Highest Mountain in Texas in Guadalupe Mountains National Park
Hikers are provided information on hiking the trail up to 8,749 foot Guadalupe Peak, the highest point in Texas. The four-mile long trail to Guadalupe Peak begins at Pine Springs campground in Guadalupe Mountains National Park, Texas some eighty miles east of El Paso.There is no other way to get here but by private car where there is enough parking at the trail head for twenty cars or so. The starting point is a little over 5,000 feet above sea level just above the main ranger station. Please sign the trail register just beyond the starting point. The best times to climb Guadalupe Peak are early fall and late spring and the worst times would be mid-summer and mid-winter. There are no man-made hazards on this trail but hikers should be wary of rattle snakes, sharp-needled cactus and the possibility of very high winds. Once the hiker is on the way, there are many unique species of desert vegetation can be seen as the trail rises steadily upwards toward a towering, lateral limestone ridge.
Guadalupe Peak Trail Features Madrone, Cholla, Yucca
The red-barked madrone (ma-drun) tree is eye-catching as well as man-high spiny cholla and knee-high yucca. Canyon wrens can usually be seen hopping from one tree to the next. Their song is characterized by a high pitched rising and falling trill. Directly to the east of the trail and across a valley rises Hunter Peak (8,368 feet), one of the park’s six mountains over 8,000 feet in elevation.
A mile later, after many switchbacks, the trail crosses a pass just under the high limestone ridge and affords a magnificent view of three more 8,000 foot peaks: Shumard Peak (8,615 Feet), the closest, Bartlett Peak (8508 feet), middle range, and Bush Peak (8,,631 feet) in the distance. This limestone pass can be quite windy, sometimes with gusts over fifty miles per hour. It is at this point that the trail enters a fairly dense forest of pinyon and juniper trees growing along the backside of the initial limestone ridge. This forest houses a variety of wildlife including occasional mountain lions, more prevalent coyotes and abundant chickadees and pinyon jays. The trail rises steadily towards an open meadow two and a half miles from the trail-head.
Agave Plants Used for Tequila
This meadow is titled at a thirty degree angle that rises up to a false summit three miles from the trail head. It is worth pausing here to see up close blue-green agave plants (the source of tequila), pointy-spined lechagilla plants growing in clusters and the less frequent, thick-spined Spanish Bayonet. At the top of the meadow’s false summit, one finally gets a full view Guadalupe Peak in the shape of a giant Mayan pyramid.

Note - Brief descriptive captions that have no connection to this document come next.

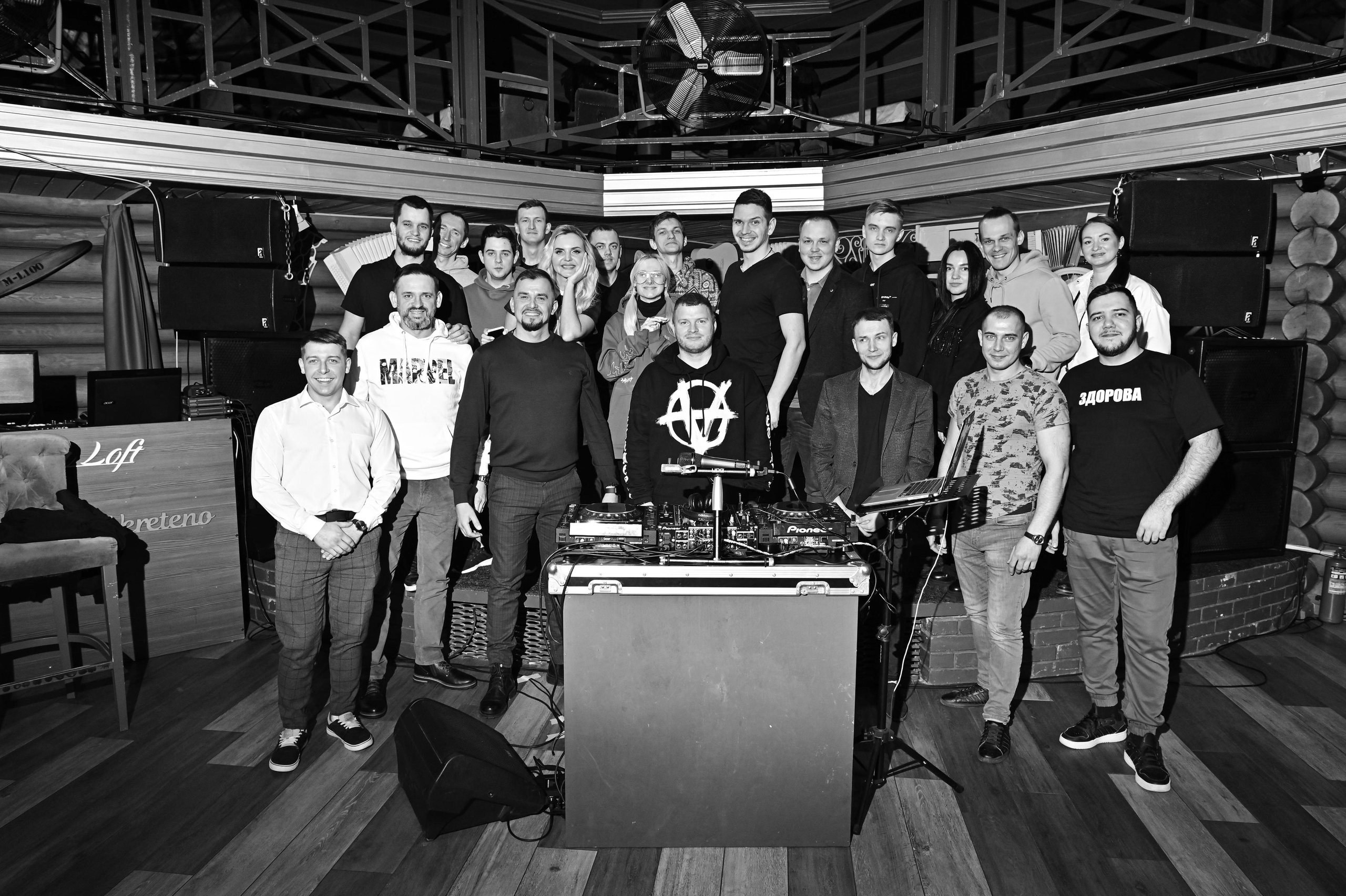 МК Event DJ К. Телешев. Свадебный фотограф в Белгороде Владимир Золотарев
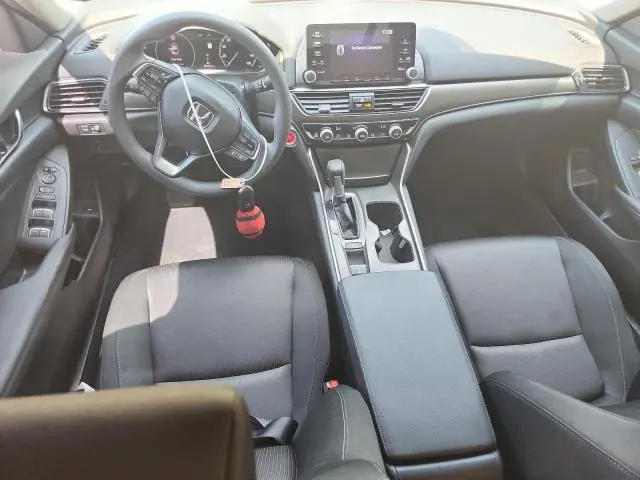 2019 HONDA ACCORD LX  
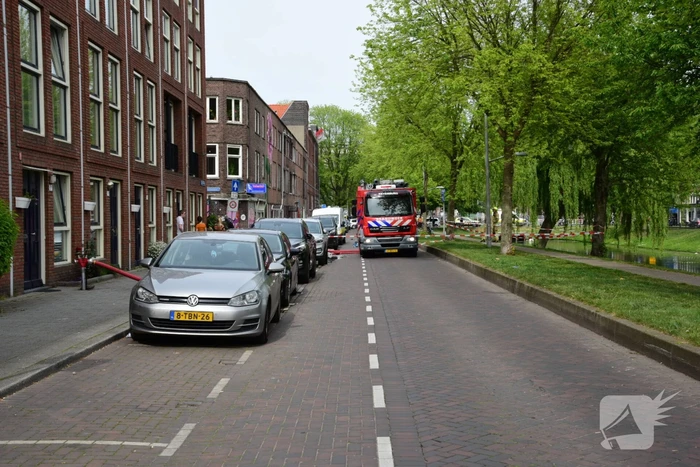 Meerdere woningen ontruimd bij gaslekkage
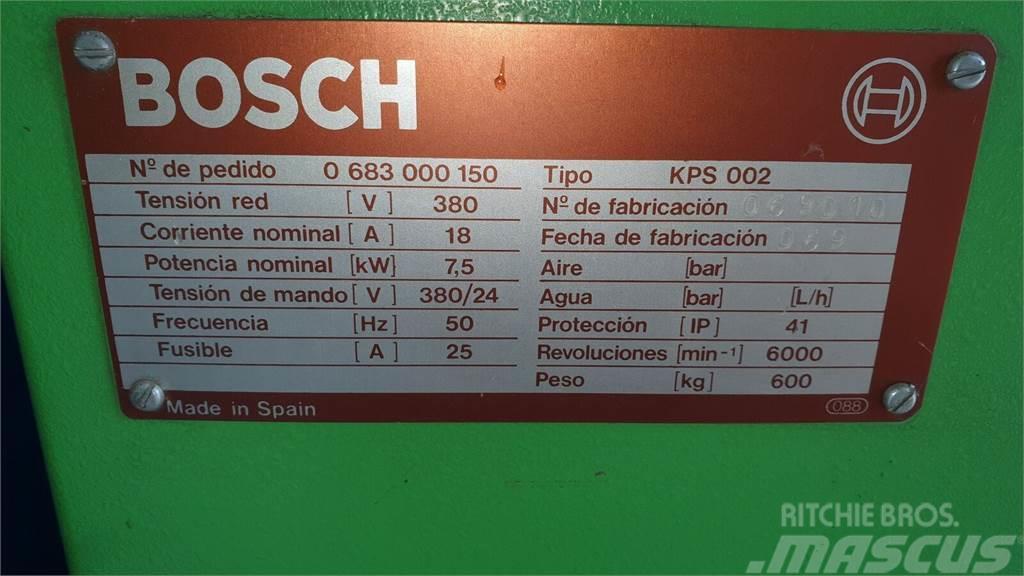 Bosch KPS 002 Instrumente, echipament de masurare si automatizare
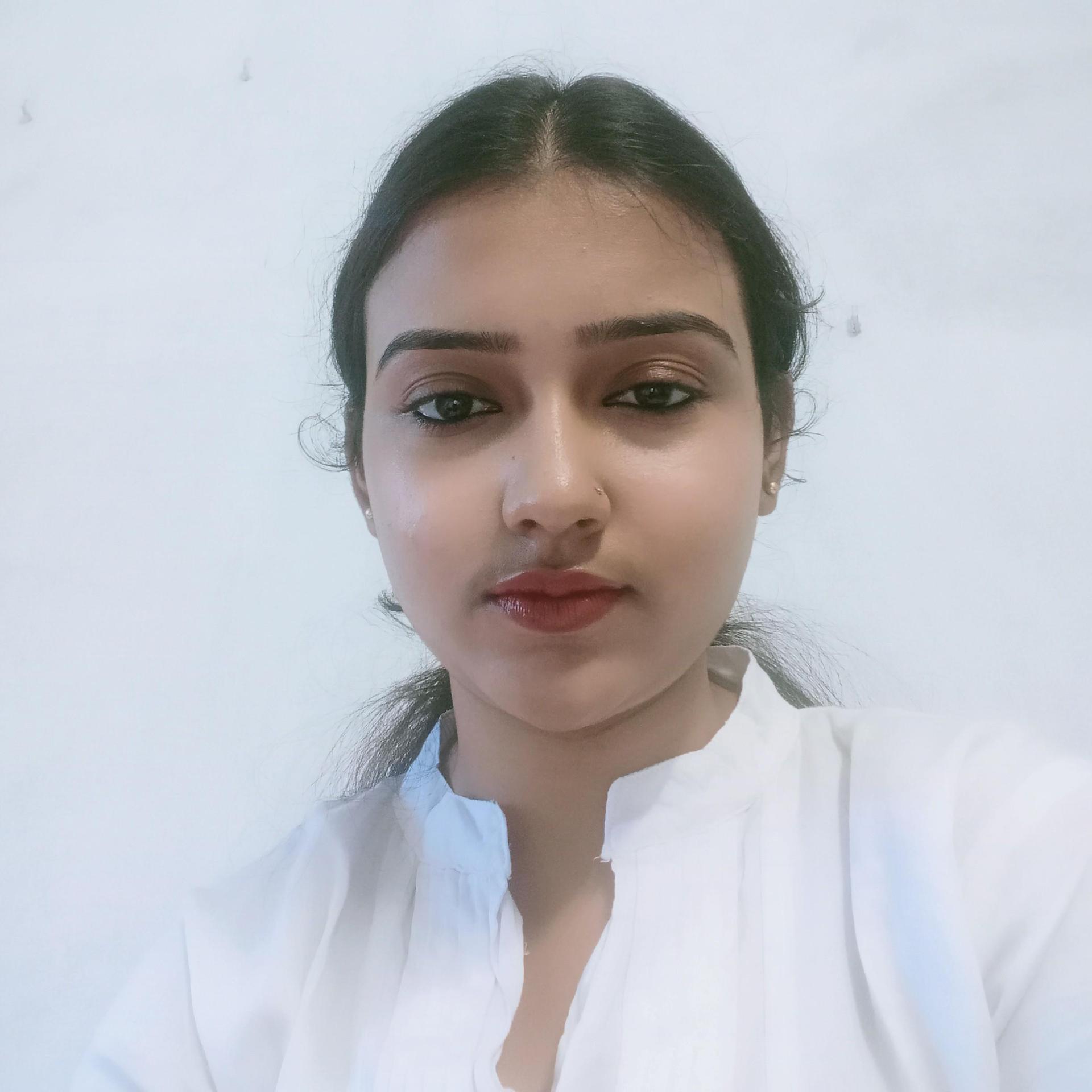Rupsa Samaddar
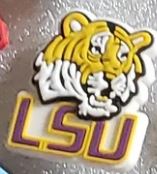 Licensed College Teams Shoe Charm
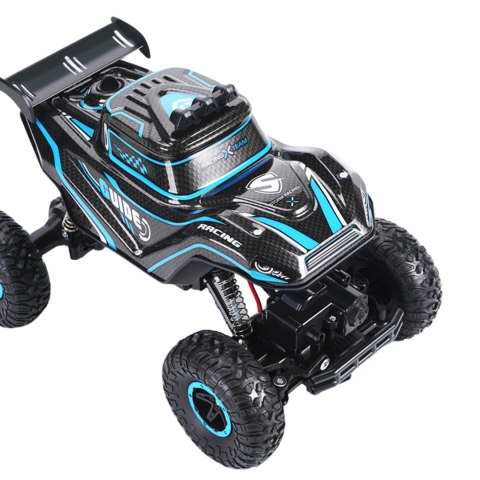 AUTO ZDALNIE STEROWANE JEEP ŚWIATŁO LED AKU 4X4 CIUCIUBABKA
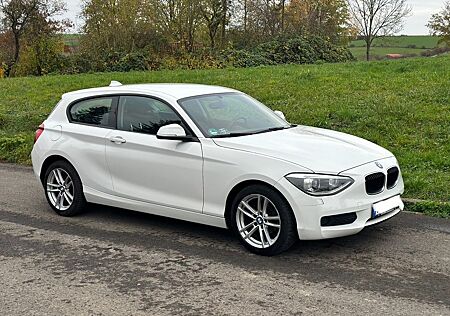 BMW 114i PDC Allwetterreifen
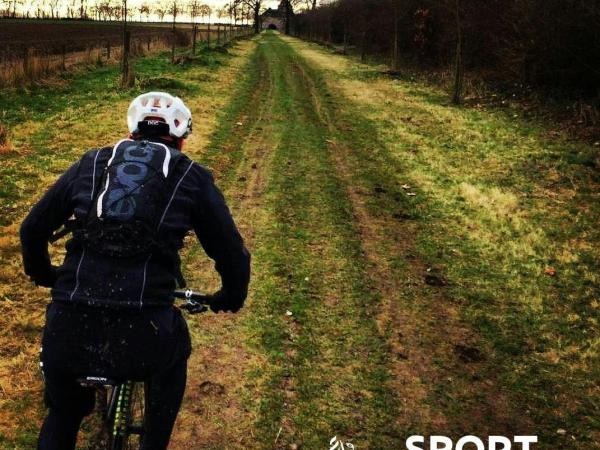 12e MTB Toertocht Lake Bikers © Sport.Vlaanderen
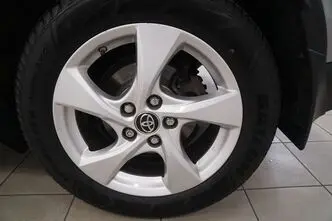 Toyota C-HR, 1.2, 85 kW, bensiin, automaat, nelikvedu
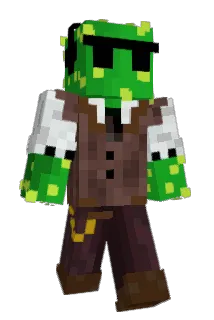 iN0P4L Minecraft avatar full body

But the trail descends from the false summit down a steep ravine, so steep that a bridge was built to cross over a narrow gap that would otherwise cause the hiker to descend even more. Once over the bridge, the hiker should pause to look down upon the massive summit of El Capitan (8,053 feet).
Views of Salt Flats
From this point onward, the trail switches back and forth up the eastern (leeward) side of Guadalupe Peak permitting the climber to enjoy wind-free scenes of the valleys below and the vast stretches of prehistoric salt flats 5,000 feet lower. At 8,700 feet, the trail makes several steep turns through crumbling layers of sandstone to an six-foot high aluminum triangle marking the summit at 8,749 feet and four miles from the trail’s beginning. Up here one may encounter fierce winds that bring up salt particles from the flats far below to create an air that can actually be tasted.
The Mexican State of Chihuahua spreads to the south, Texan mesquite flats to west and east and the Guadalupe Range northward into nearby New Mexico. The hike takes up to a full day with a vertical gain of 3,600 feet. Bring sufficient water as there are no water sources on the trail nor are there any restrooms. You can pick up a trail map at the Pine Springs Visitor Center or go to National Park Service web site, Guadalupe Peaks National Park.